Project 1

Objective: Extract information from a text file to create a csv. Text file contains a chess tournament information. csv file is going to have Players Name, Player’s State, Total Number of Points, Player’s Pre-Rating, and Opponent’s Average Pre-Rating

library(tidyverse)

## ── Attaching core tidyverse packages ──────────────────────── tidyverse 2.0.0 ──
## ✔ dplyr     1.1.2     ✔ readr     2.1.4
## ✔ forcats   1.0.0     ✔ stringr   1.5.0
## ✔ ggplot2   3.4.3     ✔ tibble    3.2.1
## ✔ lubridate 1.9.2     ✔ tidyr     1.3.0
## ✔ purrr     1.0.1     
## ── Conflicts ────────────────────────────────────────── tidyverse_conflicts() ──
## ✖ dplyr::filter() masks stats::filter()
## ✖ dplyr::lag()    masks stats::lag()
## ℹ Use the conflicted package (<http://conflicted.r-lib.org/>) to force all conflicts to become errors

library(data.table)

## 
## Attaching package: 'data.table'
## 
## The following objects are masked from 'package:lubridate':
## 
##     hour, isoweek, mday, minute, month, quarter, second, wday, week,
##     yday, year
## 
## The following objects are masked from 'package:dplyr':
## 
##     between, first, last
## 
## The following object is masked from 'package:purrr':
## 
##     transpose

url <- "https://raw.githubusercontent.com/folushoa/Data-Science/Data-607/Project%201/tournamentinfo.txt"
columnNames <- c("Pair Num", "Player Name", "Total Pts", "Round 1", "Round 2", 
                 "Round 3", "Round 4", "Round 5", "Round 6", "Round 7")
tournament_info <- fread(url, skip = 4, sep = "|", fill = TRUE, 
                         col.names = columnNames, drop = 11)
rows_to_read <- seq_len(nrow(tournament_info)) %% 3 != 0
tournament_info <- tournament_info[rows_to_read, ]
head(tournament_info, 5)

The text file had two lines that contained info for one player, so I decided to create two table. Table one contains the player info from the first line. Table two contains the player info from the second line.

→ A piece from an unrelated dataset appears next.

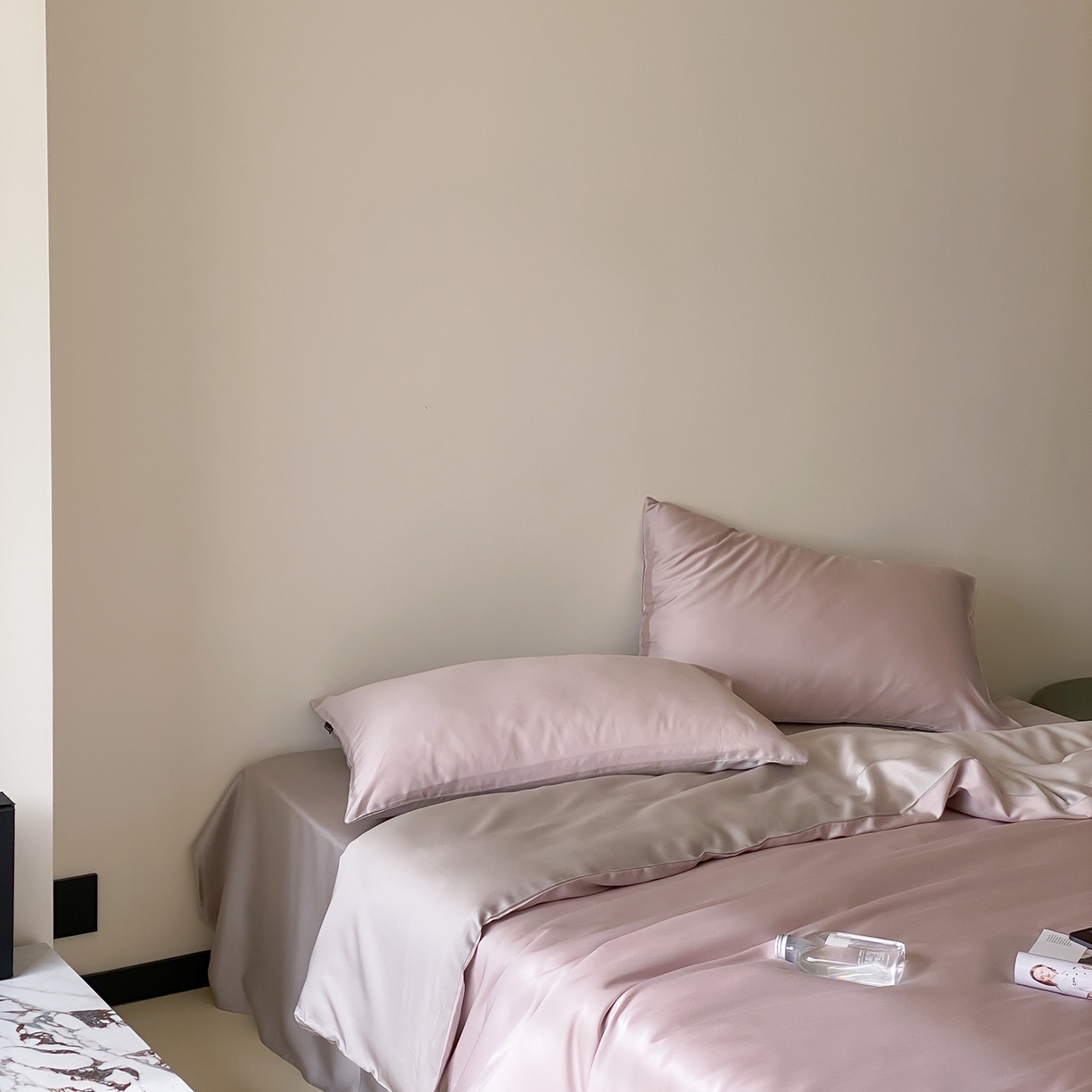 91家纺网 家纺一手货源 找家纺 玉宇阁家居 2026春夏60s兰精天丝拼色四件套 洋气裸粉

player_info_1_rows <-seq_len(nrow(tournament_info)) %% 2 != 0
player_info_2_rows <-seq_len(nrow(tournament_info)) %% 2 == 0

player_info_1 <- tournament_info[player_info_1_rows, ]
head(player_info_1, 5)

player_info_2 <- tournament_info[player_info_2_rows, ]
head(player_info_2, 5)

Clean up player_info_1 table

player_info_1$`Pair Num` <- NULL

player_info_1 <- player_info_1 %>% separate_wider_regex(cols = "Round 1", 
                 patterns = c("[a-zA-Z]", "\\ *", "Opponent 1" = "[0-9]*"))
player_info_1 <- player_info_1 %>% separate_wider_regex(cols = "Round 2", 
                 patterns = c("[a-zA-Z]", "\\ *", "Opponent 2" = "[0-9]*"))
player_info_1 <- player_info_1 %>% separate_wider_regex(cols = "Round 3", 
                 patterns = c("[a-zA-Z]", "\\ *", "Opponent 3" = "[0-9]*"))
player_info_1 <- player_info_1 %>% separate_wider_regex(cols = "Round 4", 
                 patterns = c("[a-zA-Z]", "\\ *", "Opponent 4" = "[0-9]*"))
player_info_1 <- player_info_1 %>% separate_wider_regex(cols = "Round 5", 
                 patterns = c("[a-zA-Z]", "\\ *", "Opponent 5" = "[0-9]*"))
player_info_1 <- player_info_1 %>% separate_wider_regex(cols = "Round 6", 
                 patterns = c("[a-zA-Z]", "\\ *", "Opponent 6" = "[0-9]*"))
player_info_1 <- player_info_1 %>% separate_wider_regex(cols = "Round 7", 
                 patterns = c("[a-zA-Z]", "\\ *", "Opponent 7" = "[0-9]*"))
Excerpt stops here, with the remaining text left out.